The Take: Speculation Sahi Nahi Hai

There are several reasons why people gamble, they could range from the classic rush that one gets, combined with the skill if elevated skills are involved.

And then, many gamble or speculate to make money.

There may be some distinctions between gambling and speculation but it is quite clear that for millions of Indians, it is more the former than the latter.

After all, the essential principle is that you bet a small amount on something that could become bigger, whether in the stock market or crypto or some gaming app.

It's turning out that those small bets are running into hundreds of thousands of crores.

The aggregate losses of 11.3 million individual traders exceeded Rs 180,000 crore over the three-year period between FY22 and FY24.

In FY24 alone, individuals incurred about Rs 75,000 crore in net losses.

In FY24, nearly 7.3 million individual traders lost money, with an average net loss of Rs 1.2 lakh per person, inclusive of transaction costs.

In contrast, foreign portfolio investors (FPIs) and proprietary traders booked gross trading profits of Rs 28,000 crore and Rs 33,000 crore, respectively, in FY24, says a new Securities & Exchange Board of India study.

It is also quite clear that there are winners here but they are the big guys who make the money while the small guy loses it, almost consistently.

Moreover, the almost sad part of the story is that algo traders, or those who use algorithms powered by high end computers for trading—took the larger share of the pie.

“Most of the profits were generated by larger entities that used trading algorithms, with 97 percent of FPI profits and 96 per cent of proprietary trader profits coming from algorithmic trading,” pointed out the Sebi report.

In all, 93 per cent of retail traders in derivatives trading incurred an average loss of Rs 2 lakh per trader during the last three financial years.

Daily turnover in the F&O segment often exceeds Rs 500 trillion.

Sebi has now proposed several measures aimed at curbing retail participation and speculation and are likely to figure and get pushed through in an upcoming board meeting this month, says a Business Standard report.

The report also says that despite consecutive years of losses, more than three-fourths of the loss-making traders continued their activity in F&O.

There are more and more grim and depressing statistics.

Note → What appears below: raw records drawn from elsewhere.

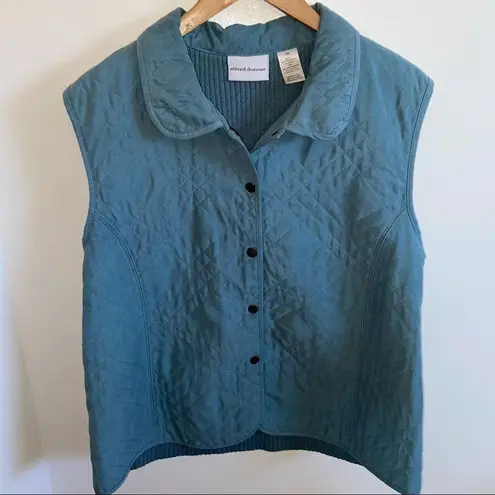 Alfred Dunner Quilted blue vest with sweater back Size 18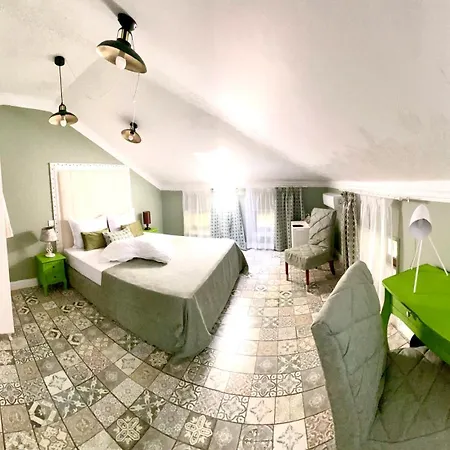 Regina Bed&wine 호텔 *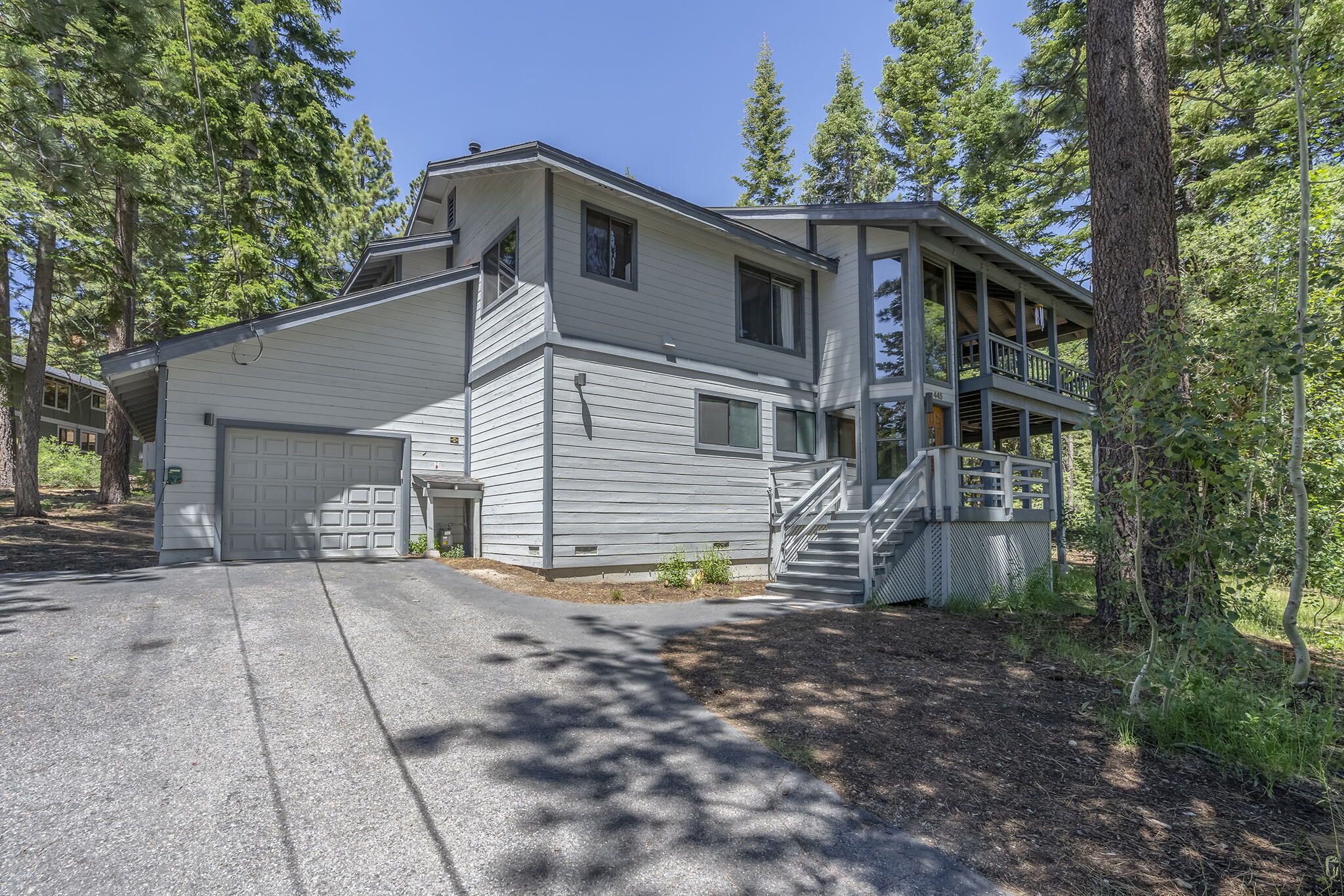 Beautiful and spacious family cabin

It is clear that people are betting their shirts and losing them, whether in derivatives or crypto or some other mobile app gaming app presented as a game of skill, something that tests your abilities and does not drain your bank account as it usually does.

It is equally clear that technology, particularly through the mobile device, is accelerating the process with almost no friction.

Frictionless transactions are a virtue and something to boast about but only upto a point.

It is no longer a virtue if it cannot introduce even a split second pause that might make you think twice before moving your earnings or savings into a speculative instrument.

Not that a split second is enough but we have to start somewhere.

For years, India’s mutual fund industry ran a campaign called Mutual Funds sahi hai.

Whether because of that long running campaign or despite it, the fact is that retail investor flows into mutual funds have hit record highs, over Rs 20,000 crore a month, mostly through the systematic investment plan route.

It is time to say " Speculation Sahi Nahi Hai.

Or speculation is bad for your health.

You might rightfully think that such public service messages won’t work.

But no one thought that mutual funds sahi hai would work either.

Our top stories and themes

Liquidity surge drives Indian markets to fresh records.

Foreigners own $116 billion of futures and options.

Mutual fund investors set to cross 50 million.

Oil prices enter $75 a barrel range as war kicks off between OPEC and non OPEC countries.

The rains are going, finally.

Markets and More

Indian stock markets are continuing to ride the Federal Reserve rate cut wave and are likely to do so for longer, though with some pauses.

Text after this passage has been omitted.